Little in football has changed in that the chairmen and directors of the clubs can make appalling decisions and get away with them, and carry on blame free.

Bill's gates: Nicholson virtually built Tottenham into the club it is today, all on less than £200 a week
Bill’s gates: Nicholson virtually built Tottenham into the club it is today, all on less than £200 a week

Anybody with their ear to the ground in football knew that the appointment of Di Canio at Sunderland could only end in tears.

How on earth could the Sunderland board not have known what everybody else in the game knew? I am sure the chairman, the American, Ellis Short, did not make his billions by failing to do his homework in business, so why be so casual and naïve when appointing the manager of one of our, traditionally, great clubs?

I wonder what Clown Prince Len Shackleton would have made of it all? Clowns the lot of them.

Anybody with Spurs leanings reading this might like to let me have a Bill Nicholson memory or tribute of their own.

Please email me at billnick@normangillerbooks.com.

I want the book to have the voice of the supporters who knew what he meant to the soul and spirit of Spurs.
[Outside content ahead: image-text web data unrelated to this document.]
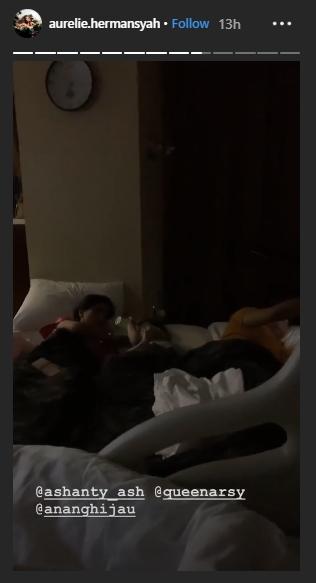 Aurel Hermansyah dirawat, Anang, Ashanty dan Arsy tidur di lantai. (Instagram/@aurelie.hermansyah)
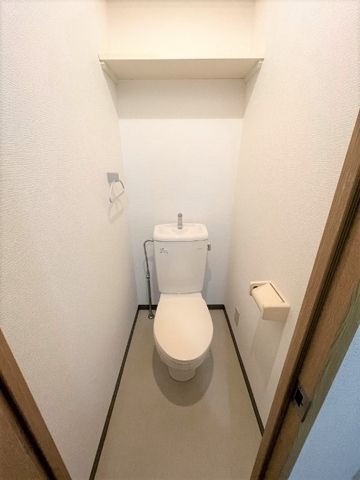 ����4
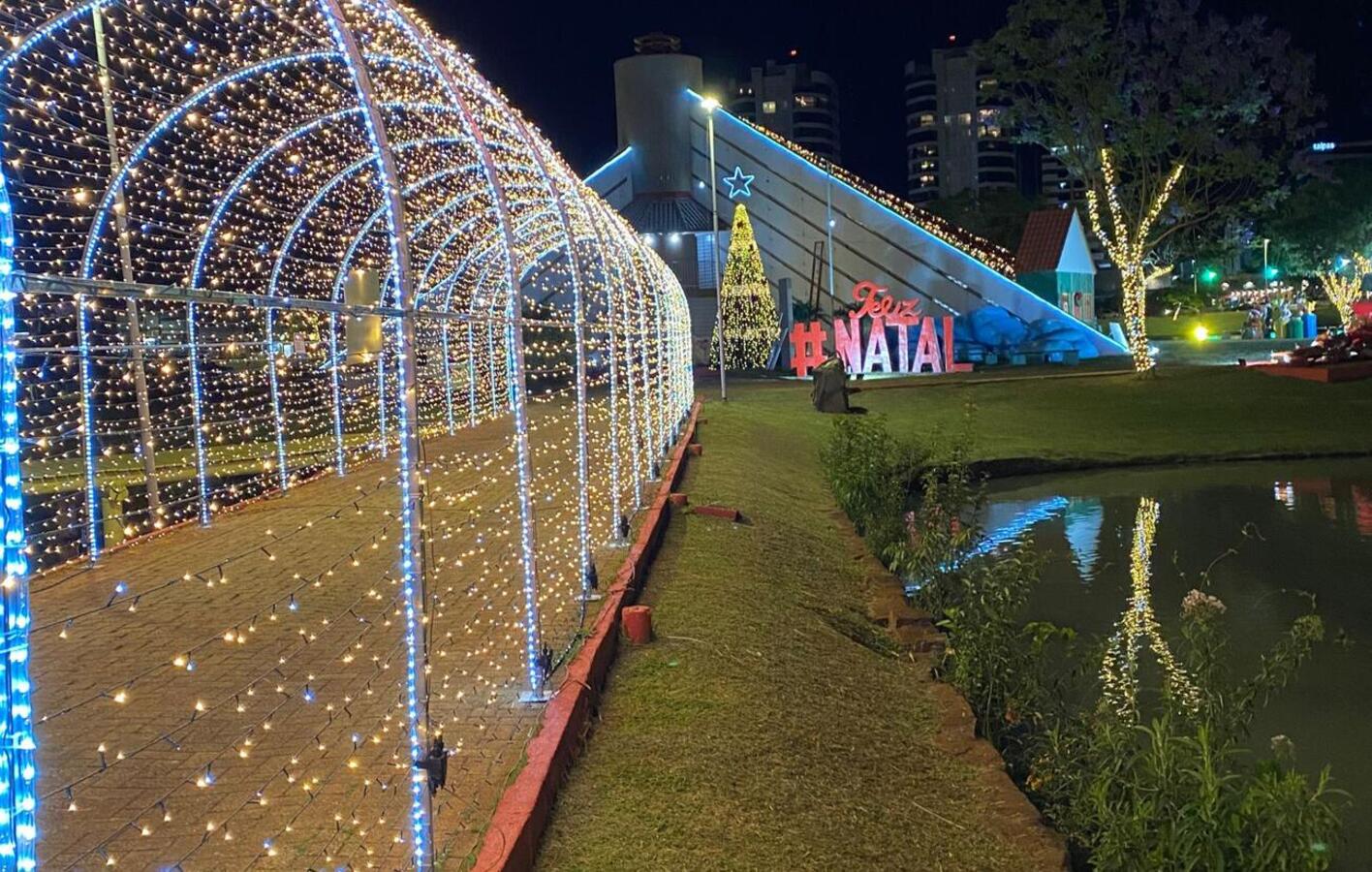 A Vila de Natal vai funcionar de segunda a sexta-feira, das 18h à meia noite. Nos finais de semana (sábado, domingo e feriado) a partir das 16h até a meia noite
They would all have wanted to see that he was paid properly.

I WAS SADDENED but not surprised to read that Jimmy Hill’s family have announced that one of football’s greatest brains is suffering from Alzheimer’s. It is the curse of old footballers, paying the price for heading those old leather footballs.

At kick-off, the balls weighed the same 16 ounces as today’s, but because they were not water resistant, by the end of a match, often played on a mud-heap pitch, they were often twice as heavy.
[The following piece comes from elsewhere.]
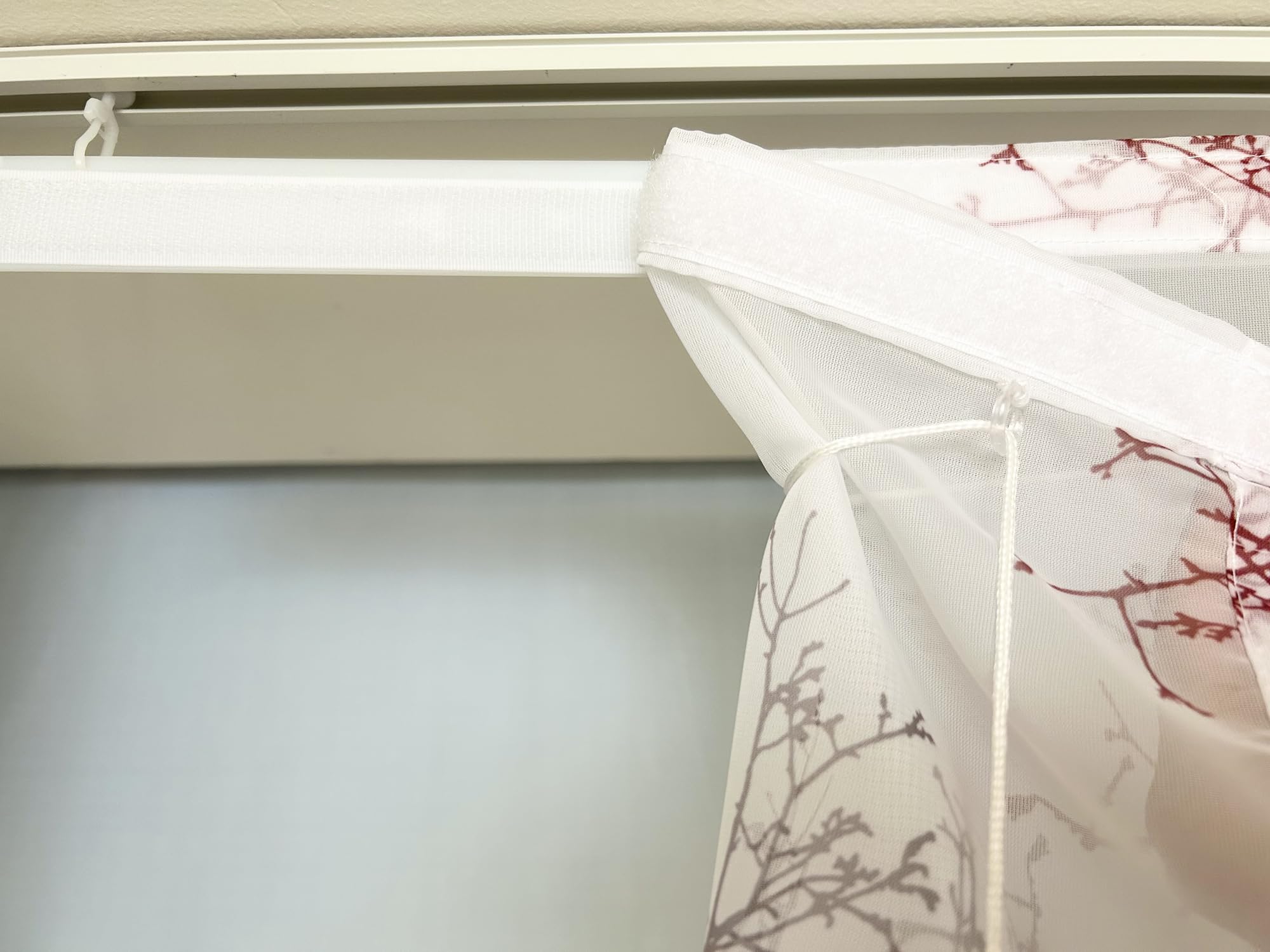 Devola Raffrollo Zweige Gardinen mit Druck Raffgardine Landhaus Rollos für Fenster Küchenvorhang Kurz Transparent Modern Fenstergardinen Wohnzimmer HxB 140x120cm Rot mit Klettband 1 Stück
Jimmy headed the ball a lot when playing for Fulham, but managed to have the sharpest brain in the game for many years. He was the player who led the fight against the maximum wage, the manager who was light years ahead with his ideas at Coventry City, a lively chairman at Craven Cottage, and a broadcaster who brought a fresh way to look at the game to our television sets.
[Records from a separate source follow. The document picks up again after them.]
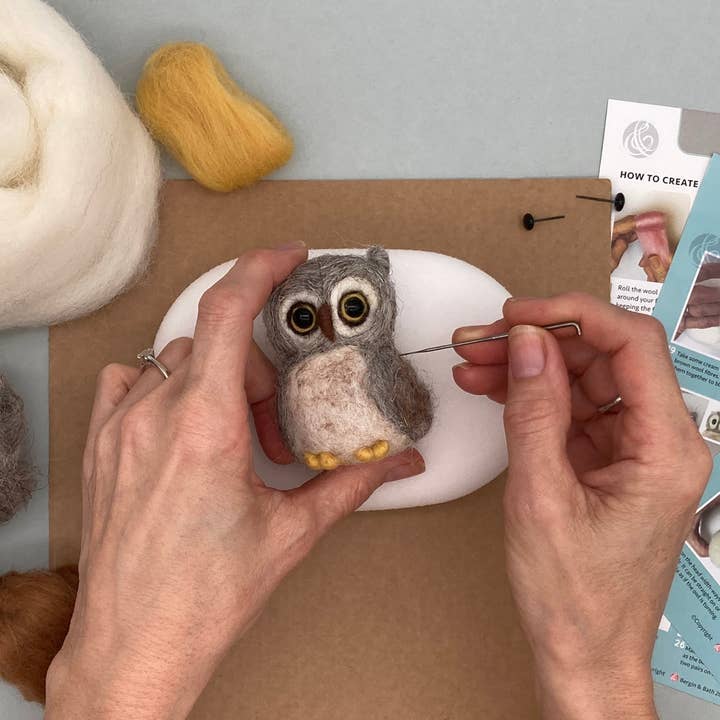 Bergin & Bath – wholesale Craft sewing kit – Needle Felting Kit - Owl1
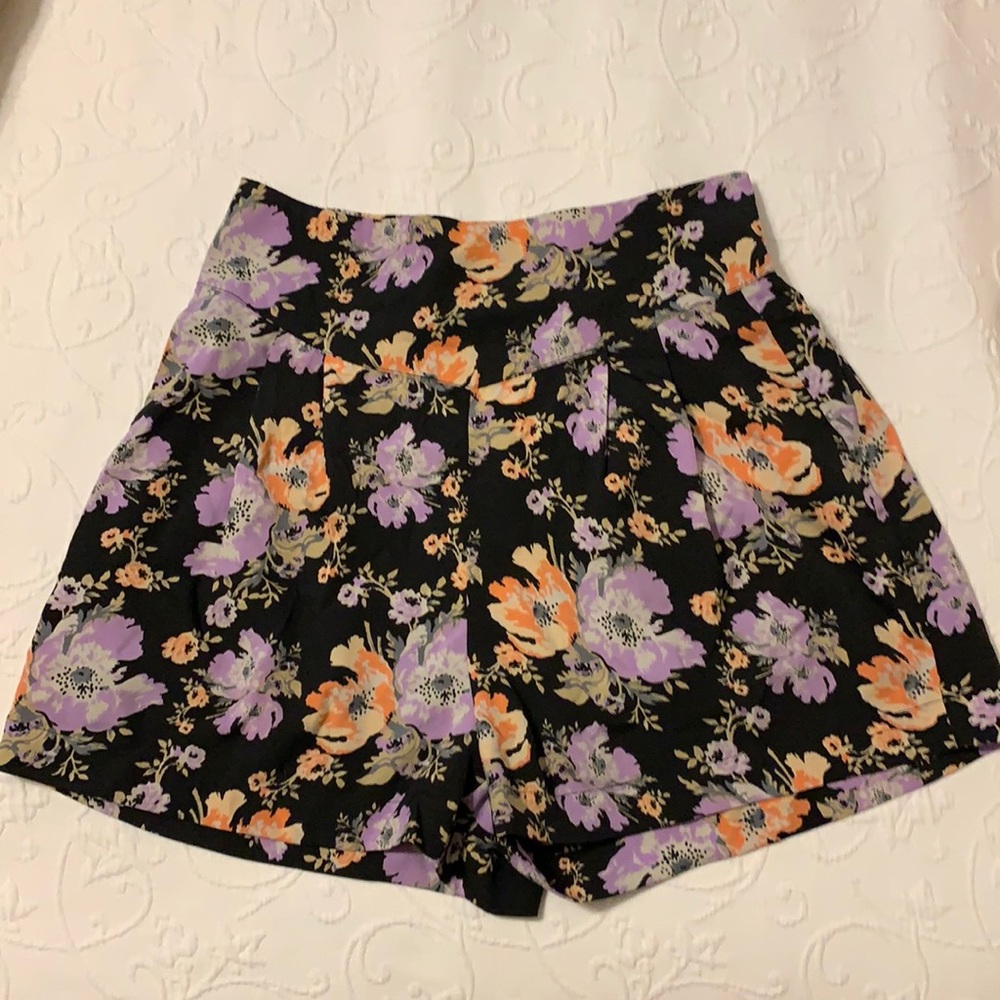 KIMCHI BLUE Flowered shorts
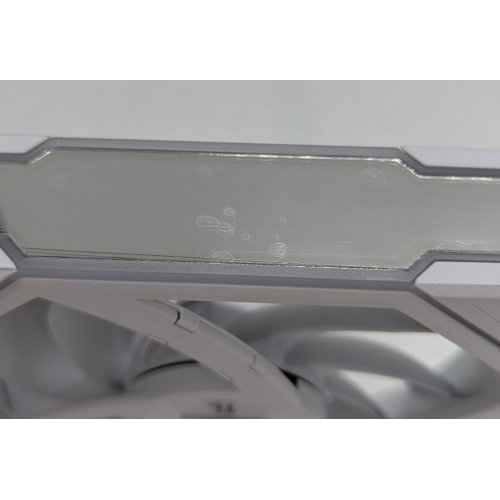 Кулер для корпуса Lian Li Uni Fan TL 120 (G99.12TL1W.00) White (Відновлено продавцем, 797722) купити з перевіркою сумісності: огляд, характеристики, ціна у Києві, Львові, Вінниці, Хмельницькому, Івано-Франківську, Україні | інтернет-магазин TELEMART.UA фото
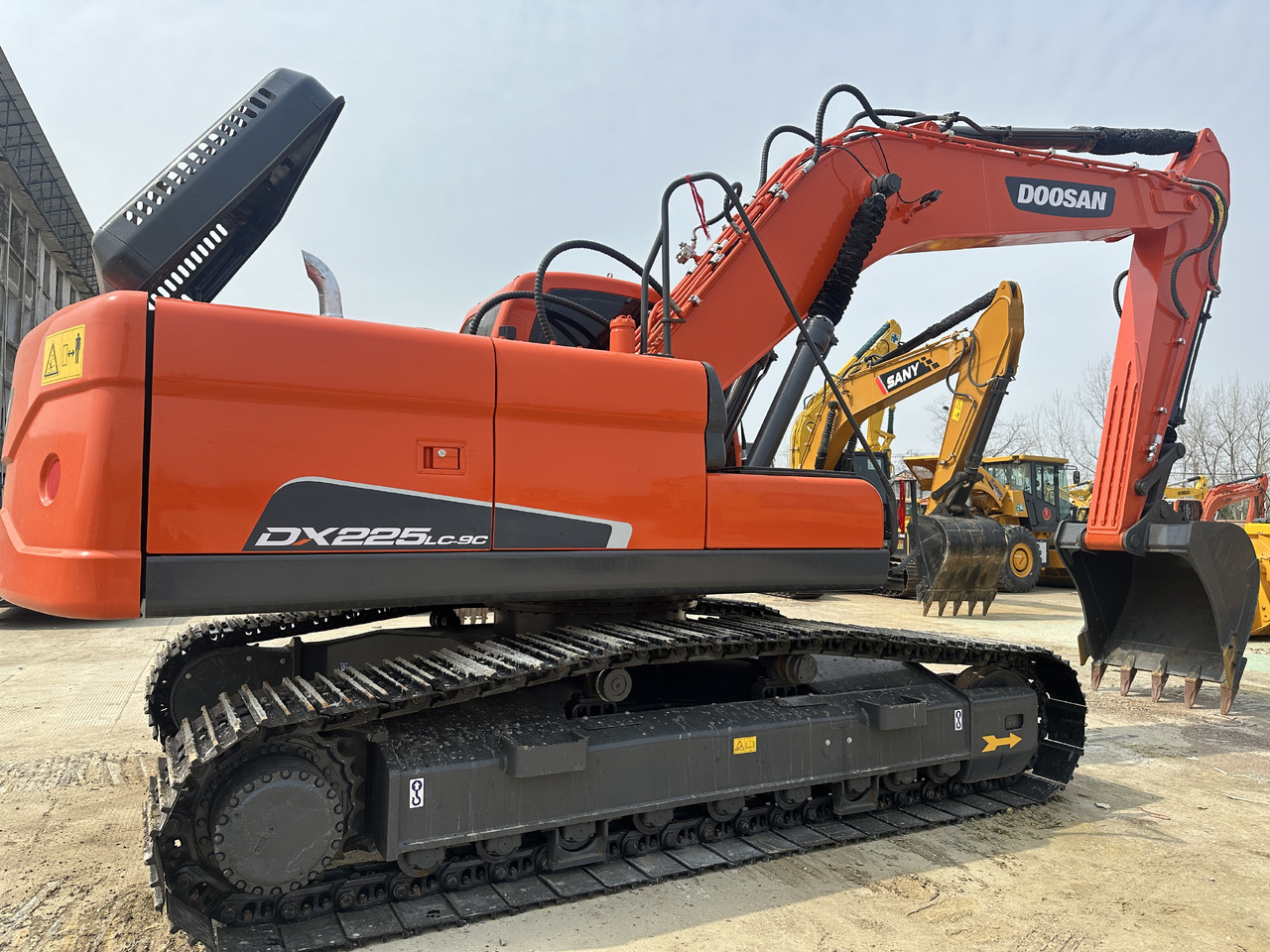 DOOSAN DX225LC-9C - Гусеничний екскаватор: фото 1 DOOSAN DX225LC-9C - Гусеничний екскаватор: фото 1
But I knew he was in trouble with his memory before most. Just after he had joined Sky from the Beeb to anchor what is now the Sunday Supplement I approached him about appearing on what was planned as a relaunch of my 1980s show, Who’s the Greatest?

Jimmy Hill: all modern footballers owe him an immense debt
Jimmy Hill: all modern footballers owe him an immense debt

Jimmy did not have a clue who I was. I know I am once-seen-easily-forgotten, but I had interviewed him scores of times during his playing and managing days and in my TV critic days I used to meet him regularly in the studio.

I scripted his This Is Your Life tribute from Michael Aspel, and as he held the big Red Book at the end of the show Jimmy told me: “I have had the best of lives.”

Now he has gone the same way as old footballing friends of mine including Arthur Rowe, Danny Blanchflower, Jeff Astle and, more recently, Dave Sexton – none of them knowing their own name or remembering their achievements on the football fields of England.

So, so sad. Every one of today’s footballers owe a huge debt to Jimmy Hill for what he did to bring them riches beyond belief.

Jimmy the Jaw Hill, once master of all he surveyed, remembers nothing of it. The price our heroes pay for their fame.